M. le président. L'amendement n° 40, présenté par M. Godefroy, Mmes Alquier, Blandin, Le Texier, Jarraud-Vergnolle, Campion, Demontès, Ghali, Printz, Schillinger et San Vicente-Baudrin, MM. Cazeau, Daudigny, Desessard, Gillot, Jeannerot, Kerdraon, S. Larcher, Le Menn, Teulade et les membres du groupe Socialiste, apparentés et rattachés, est ainsi libellé :
Alinéa 28
Compléter cet alinéa par les mots :
et intervenant exclusivement dans ce domaine
La parole est à M. Jean-Pierre Godefroy.
M. Jean-Pierre Godefroy. Cet amendement a pour objet de parer à une évolution qui est préjudiciable au professionnalisme des organismes de prévention des risques.
Un mouvement de concentration et de rachat d’entreprises est en marche dans le secteur des organismes spécialisés dans la sécurité au travail. Il s’agit d’opérations de concentration dans les services aux entreprises, ayant pour objectifs la réalisation d’économies d’échelle et l’amélioration de la compétitivité. Pourquoi pas ? Mais il en résulte que ces organismes privés comportent différentes branches offrant divers services et que le secteur de la prévention des risques n’est plus qu’un centre de profits parmi d’autres.

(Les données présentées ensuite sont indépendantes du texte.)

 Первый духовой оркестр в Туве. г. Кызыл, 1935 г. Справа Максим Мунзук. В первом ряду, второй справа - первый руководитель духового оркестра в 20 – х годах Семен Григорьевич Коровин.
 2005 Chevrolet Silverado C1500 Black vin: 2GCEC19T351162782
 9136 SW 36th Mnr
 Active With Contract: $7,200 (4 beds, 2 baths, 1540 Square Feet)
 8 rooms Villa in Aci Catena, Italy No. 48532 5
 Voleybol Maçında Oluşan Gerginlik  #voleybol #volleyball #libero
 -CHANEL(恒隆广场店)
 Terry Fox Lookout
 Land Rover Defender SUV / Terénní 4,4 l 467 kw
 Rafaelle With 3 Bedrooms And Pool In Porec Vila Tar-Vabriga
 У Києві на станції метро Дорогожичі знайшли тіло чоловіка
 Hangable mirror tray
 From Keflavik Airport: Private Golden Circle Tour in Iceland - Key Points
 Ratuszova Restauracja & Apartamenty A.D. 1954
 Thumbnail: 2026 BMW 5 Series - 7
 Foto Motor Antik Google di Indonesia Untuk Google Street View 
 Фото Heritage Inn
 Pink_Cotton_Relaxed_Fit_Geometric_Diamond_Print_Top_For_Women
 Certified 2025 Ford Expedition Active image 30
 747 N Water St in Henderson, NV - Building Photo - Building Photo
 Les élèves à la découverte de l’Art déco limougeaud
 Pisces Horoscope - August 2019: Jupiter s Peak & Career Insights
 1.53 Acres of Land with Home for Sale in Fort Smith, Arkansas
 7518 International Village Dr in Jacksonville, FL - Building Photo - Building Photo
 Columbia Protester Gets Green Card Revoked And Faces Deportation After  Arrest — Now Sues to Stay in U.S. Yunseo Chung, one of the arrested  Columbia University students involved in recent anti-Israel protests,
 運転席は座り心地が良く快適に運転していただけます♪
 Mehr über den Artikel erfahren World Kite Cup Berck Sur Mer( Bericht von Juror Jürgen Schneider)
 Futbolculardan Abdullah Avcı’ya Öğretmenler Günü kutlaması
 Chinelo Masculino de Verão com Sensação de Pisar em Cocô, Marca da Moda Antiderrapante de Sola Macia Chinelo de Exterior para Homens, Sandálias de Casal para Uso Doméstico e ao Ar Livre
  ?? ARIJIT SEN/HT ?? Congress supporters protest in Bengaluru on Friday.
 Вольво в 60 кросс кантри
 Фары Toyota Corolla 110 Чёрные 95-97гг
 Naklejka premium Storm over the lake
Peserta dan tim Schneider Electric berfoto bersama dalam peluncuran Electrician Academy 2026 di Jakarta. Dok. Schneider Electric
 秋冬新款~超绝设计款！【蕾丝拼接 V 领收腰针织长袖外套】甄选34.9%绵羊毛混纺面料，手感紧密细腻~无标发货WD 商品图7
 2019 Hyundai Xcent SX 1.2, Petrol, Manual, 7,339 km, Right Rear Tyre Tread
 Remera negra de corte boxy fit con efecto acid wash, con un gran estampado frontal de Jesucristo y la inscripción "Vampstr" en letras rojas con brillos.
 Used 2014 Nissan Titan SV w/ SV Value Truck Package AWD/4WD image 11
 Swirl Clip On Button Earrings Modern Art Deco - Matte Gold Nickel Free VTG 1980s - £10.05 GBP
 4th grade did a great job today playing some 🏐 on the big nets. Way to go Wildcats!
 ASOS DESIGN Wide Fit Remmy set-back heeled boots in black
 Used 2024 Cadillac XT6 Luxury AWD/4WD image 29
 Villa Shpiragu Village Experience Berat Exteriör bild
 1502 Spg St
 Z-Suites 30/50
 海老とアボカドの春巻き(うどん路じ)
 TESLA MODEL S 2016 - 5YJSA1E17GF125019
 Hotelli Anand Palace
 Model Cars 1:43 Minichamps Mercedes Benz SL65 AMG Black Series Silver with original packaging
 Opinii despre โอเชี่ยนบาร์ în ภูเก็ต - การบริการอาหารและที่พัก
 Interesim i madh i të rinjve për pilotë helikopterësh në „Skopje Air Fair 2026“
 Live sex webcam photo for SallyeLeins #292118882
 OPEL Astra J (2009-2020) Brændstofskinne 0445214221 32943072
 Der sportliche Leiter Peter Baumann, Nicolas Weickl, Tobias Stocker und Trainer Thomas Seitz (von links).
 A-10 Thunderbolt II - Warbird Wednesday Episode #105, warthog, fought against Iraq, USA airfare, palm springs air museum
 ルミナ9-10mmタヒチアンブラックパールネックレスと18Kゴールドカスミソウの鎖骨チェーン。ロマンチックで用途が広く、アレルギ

Aussi, lorsqu’une entreprise fait appel aux services d’un tel organisme à titre de consultant, ce peut être dans des domaines très différents en même temps. On est alors en droit de s’interroger : n’y a-t-il pas un risque sérieux que les préconisations en matière de prévention et de protection des salariés d’une entreprise soient minorées, afin de préserver les autres marchés de consulting, des marchés souvent plus gratifiants et plus rémunérateurs ?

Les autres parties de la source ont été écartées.